:: Brief ::
Within the material below, filter for lines that hold the word "Cotton".

• • • •

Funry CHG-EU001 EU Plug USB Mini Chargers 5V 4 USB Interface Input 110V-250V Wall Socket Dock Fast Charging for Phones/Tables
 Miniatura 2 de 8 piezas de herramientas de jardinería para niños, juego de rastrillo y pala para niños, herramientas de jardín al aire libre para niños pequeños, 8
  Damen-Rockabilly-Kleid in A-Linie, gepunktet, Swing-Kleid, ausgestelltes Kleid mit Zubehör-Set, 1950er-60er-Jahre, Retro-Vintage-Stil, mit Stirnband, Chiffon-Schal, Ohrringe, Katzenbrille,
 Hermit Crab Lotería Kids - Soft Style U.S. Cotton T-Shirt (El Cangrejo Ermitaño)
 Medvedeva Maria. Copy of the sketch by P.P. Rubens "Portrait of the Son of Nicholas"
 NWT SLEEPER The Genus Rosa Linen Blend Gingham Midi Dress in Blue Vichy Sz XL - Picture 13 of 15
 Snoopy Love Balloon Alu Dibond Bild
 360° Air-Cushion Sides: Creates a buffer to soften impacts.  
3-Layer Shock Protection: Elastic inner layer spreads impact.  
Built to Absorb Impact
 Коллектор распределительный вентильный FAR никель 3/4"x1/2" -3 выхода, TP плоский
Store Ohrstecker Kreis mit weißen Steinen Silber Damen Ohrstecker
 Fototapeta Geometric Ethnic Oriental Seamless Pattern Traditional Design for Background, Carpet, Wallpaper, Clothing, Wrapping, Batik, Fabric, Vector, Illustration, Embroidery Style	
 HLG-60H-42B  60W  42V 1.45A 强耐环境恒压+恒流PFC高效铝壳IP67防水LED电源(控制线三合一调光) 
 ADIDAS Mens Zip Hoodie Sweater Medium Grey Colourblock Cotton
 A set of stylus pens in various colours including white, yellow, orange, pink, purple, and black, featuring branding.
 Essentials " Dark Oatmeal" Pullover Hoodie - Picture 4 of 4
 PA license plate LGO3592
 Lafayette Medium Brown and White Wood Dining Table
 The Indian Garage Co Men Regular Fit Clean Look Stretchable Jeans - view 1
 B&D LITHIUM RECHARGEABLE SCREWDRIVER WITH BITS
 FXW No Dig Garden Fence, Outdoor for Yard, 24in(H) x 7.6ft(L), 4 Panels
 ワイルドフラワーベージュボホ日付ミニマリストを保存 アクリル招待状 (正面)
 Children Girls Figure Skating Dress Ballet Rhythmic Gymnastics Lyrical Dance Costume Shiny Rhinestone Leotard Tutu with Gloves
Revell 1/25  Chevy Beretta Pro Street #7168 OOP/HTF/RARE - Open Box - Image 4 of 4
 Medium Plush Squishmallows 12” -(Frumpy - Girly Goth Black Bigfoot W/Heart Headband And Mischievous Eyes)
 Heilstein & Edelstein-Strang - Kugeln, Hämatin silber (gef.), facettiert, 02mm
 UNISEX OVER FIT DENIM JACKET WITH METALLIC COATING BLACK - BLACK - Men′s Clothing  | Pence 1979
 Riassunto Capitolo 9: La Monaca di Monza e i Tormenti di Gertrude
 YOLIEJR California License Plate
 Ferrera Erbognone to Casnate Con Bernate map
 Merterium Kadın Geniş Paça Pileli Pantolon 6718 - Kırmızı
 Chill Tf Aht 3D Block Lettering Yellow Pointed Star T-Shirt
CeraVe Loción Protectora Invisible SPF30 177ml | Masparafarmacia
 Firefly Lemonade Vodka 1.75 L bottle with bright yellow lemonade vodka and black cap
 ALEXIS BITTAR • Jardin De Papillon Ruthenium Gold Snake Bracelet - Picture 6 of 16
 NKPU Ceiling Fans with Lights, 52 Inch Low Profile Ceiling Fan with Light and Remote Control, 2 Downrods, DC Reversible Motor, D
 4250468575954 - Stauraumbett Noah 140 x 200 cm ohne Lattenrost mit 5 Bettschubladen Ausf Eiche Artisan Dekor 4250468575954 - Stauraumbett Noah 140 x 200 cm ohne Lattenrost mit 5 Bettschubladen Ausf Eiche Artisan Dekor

• • • •

:: Exercise output ::
 Hermit Crab Lotería Kids - Soft Style U.S. Cotton T-Shirt (El Cangrejo Ermitaño)
 ADIDAS Mens Zip Hoodie Sweater Medium Grey Colourblock Cotton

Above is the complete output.